Wednesday, September 12, 2012

My Birthday Date With FedEx

Guess who is spending their birthday waiting for the FedEx truck to get here with lots of boxes of meds? This girl is! I'm really ok with this because we think we figured out what was making me so sick (the antibiotic they had me on) so I'm feeling MUCH better and not like I'm on the verge of death today. Woohoo! Apparently Doxycycline and I just don't get along. We'll have to figure something else out for my retrieval, but she said it's not a big deal at all.

I learned some very interesting things yesterday at my appointment that I want to write down simply so that I can keep track of things. My memory has become awful with these hormones so I find that I'm having to write everything down. First, they think I'm a very high risk for OHSS (ovarian hyper stimulation syndrome) because my AMH number is only 4 (very excellent..I have a lot of eggs) and I have reacted perfectly up to this point. My lining was 7 yesterday, no cyst on my ovaries, and I had several follicles. He said he would estimate 20-40 eggs possible at ER!! That's an insane amount of eggs. 20 would be pretty average, but he said I have more follicles than he could easily count and my ovaries are "beautiful" and he "loves them." Yes, it's a little weird and creepy to hear such words out of context, but I get it. But this also means we have to be really careful with my protocol because they can't just turn on my body and put it into stimulation with that many ready follicles.
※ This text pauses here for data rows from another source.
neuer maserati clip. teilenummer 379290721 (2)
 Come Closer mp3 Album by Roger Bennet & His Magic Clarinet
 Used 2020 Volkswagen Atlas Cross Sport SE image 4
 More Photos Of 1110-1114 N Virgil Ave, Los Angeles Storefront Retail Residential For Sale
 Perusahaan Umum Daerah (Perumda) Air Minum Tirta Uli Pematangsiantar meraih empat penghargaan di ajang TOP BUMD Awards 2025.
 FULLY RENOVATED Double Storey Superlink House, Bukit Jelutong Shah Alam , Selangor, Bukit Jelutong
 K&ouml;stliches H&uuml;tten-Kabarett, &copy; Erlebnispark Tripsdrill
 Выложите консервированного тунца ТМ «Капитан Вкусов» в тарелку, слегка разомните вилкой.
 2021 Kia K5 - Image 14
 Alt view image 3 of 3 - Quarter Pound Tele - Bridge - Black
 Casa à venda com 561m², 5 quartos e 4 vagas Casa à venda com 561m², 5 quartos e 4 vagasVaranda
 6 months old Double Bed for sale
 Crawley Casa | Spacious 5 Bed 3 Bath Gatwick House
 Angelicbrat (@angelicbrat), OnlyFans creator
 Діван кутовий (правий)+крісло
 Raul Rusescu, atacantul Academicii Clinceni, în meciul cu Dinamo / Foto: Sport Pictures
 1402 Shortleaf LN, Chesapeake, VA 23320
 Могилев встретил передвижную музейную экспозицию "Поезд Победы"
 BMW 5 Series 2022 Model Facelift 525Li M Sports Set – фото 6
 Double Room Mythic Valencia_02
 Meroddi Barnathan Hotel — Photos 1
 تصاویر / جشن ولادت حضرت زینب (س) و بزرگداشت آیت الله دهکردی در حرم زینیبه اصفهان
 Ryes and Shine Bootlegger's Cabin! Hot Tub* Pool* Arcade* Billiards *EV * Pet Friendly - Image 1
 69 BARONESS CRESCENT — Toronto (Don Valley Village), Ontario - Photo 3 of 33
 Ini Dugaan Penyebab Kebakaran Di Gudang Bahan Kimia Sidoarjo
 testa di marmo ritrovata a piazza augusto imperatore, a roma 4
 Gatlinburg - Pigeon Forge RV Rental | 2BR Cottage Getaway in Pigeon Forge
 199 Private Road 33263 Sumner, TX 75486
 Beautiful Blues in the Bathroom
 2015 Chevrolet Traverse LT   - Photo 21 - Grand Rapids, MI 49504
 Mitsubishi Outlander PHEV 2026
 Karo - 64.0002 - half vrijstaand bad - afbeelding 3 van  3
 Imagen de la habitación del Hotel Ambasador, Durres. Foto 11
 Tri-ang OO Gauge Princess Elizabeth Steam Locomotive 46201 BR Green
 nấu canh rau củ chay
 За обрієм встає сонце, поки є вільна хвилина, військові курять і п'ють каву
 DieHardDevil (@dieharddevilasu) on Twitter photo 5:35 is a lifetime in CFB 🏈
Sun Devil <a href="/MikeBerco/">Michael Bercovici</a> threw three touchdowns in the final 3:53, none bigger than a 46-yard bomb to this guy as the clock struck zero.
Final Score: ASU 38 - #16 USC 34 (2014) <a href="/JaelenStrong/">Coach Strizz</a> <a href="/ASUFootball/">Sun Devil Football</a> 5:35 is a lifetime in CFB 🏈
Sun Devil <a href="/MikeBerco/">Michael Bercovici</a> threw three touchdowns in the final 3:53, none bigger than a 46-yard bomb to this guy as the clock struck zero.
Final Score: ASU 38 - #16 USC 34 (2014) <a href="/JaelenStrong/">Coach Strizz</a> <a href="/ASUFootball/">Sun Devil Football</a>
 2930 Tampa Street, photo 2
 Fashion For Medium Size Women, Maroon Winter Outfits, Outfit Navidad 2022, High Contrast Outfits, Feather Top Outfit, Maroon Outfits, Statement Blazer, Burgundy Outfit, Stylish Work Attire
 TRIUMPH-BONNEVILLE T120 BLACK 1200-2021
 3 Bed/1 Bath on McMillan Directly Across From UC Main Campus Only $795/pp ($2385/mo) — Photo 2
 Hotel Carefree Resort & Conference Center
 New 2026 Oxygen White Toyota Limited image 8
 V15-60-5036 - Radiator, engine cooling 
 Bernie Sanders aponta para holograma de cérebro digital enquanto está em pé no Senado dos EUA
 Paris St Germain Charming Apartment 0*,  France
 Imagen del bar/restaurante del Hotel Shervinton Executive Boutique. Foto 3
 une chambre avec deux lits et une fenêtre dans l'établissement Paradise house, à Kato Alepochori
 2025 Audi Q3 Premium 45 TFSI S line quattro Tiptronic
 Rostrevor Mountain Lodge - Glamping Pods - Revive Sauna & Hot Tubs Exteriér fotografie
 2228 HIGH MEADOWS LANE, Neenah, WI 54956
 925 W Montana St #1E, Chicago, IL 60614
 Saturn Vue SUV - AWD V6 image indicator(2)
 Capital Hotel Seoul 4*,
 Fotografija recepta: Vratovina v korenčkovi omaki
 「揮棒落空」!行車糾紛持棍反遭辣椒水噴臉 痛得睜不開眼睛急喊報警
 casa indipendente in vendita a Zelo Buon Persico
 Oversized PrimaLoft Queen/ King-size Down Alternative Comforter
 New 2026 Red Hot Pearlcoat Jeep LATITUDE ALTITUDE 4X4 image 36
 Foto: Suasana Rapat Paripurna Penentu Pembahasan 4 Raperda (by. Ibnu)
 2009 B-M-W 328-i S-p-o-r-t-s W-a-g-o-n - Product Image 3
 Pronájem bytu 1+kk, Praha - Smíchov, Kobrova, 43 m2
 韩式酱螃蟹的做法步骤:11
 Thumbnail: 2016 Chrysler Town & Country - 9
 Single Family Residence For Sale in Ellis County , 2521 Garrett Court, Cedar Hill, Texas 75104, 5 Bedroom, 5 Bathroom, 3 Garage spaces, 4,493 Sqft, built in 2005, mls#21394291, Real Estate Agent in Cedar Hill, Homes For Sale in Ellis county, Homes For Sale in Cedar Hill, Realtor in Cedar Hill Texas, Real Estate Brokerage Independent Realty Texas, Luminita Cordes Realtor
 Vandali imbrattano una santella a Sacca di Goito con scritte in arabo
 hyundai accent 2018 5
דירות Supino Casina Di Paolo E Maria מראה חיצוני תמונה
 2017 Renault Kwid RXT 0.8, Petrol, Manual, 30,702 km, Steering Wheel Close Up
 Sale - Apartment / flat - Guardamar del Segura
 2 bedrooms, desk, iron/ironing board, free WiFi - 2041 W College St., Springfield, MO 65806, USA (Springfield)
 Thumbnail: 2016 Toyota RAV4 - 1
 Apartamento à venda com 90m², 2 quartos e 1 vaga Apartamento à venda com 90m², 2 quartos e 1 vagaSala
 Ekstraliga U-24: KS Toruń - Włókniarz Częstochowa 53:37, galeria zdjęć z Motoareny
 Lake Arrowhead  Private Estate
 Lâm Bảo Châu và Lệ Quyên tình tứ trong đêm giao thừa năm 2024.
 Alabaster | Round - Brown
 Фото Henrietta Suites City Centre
I'll have to do the Lupron longer than most people to even out the stimulation meds. I'll start with 10U of Lupron, but then cut down to 5U and continue it until retrieval. My Menopur dose is starting at 75IU and my Gonal-F  is 112.5. He said we will decrease the amount of Gonal-F most likely towards ER. He also moved my ER up to the 10th or 11th because he thinks I will stim very quickly. I know this doesn't mean much to anyone but me that reads this, but if I have to do this again I want to be able to look back at my protocol. Just for perspective, I have 3000 IU's of Gonal-F on hand and I will use nowhere near that amount. I will use just over 1100 IU's. I was fortunate enough to get the pre-loaded pens so I don't have to mix them and they are supposedly a lot easier to use.

I don't go back until the 27th so the next 2 weeks are just Lupron injections, but then everything will move very quickly after that. I'm beyond ready for this. I think a lot of this process is just mental and I am very mentally prepared for everything. I trust my doctor and I trust the science. I know this could fail due to things out of our control and I may have to do it again. I know I could miscarry because I have before. I know there is an 80% chance of multiples if we put back 2 embryos for me personally. I know I could have OHSS and my cycle could get canceled at any point because of this. But you know what? I can't do a damn thing about any of these things and neither can my doctor. We just have to work together to minimize the risks and do what we can so that we end up with the desired outcome.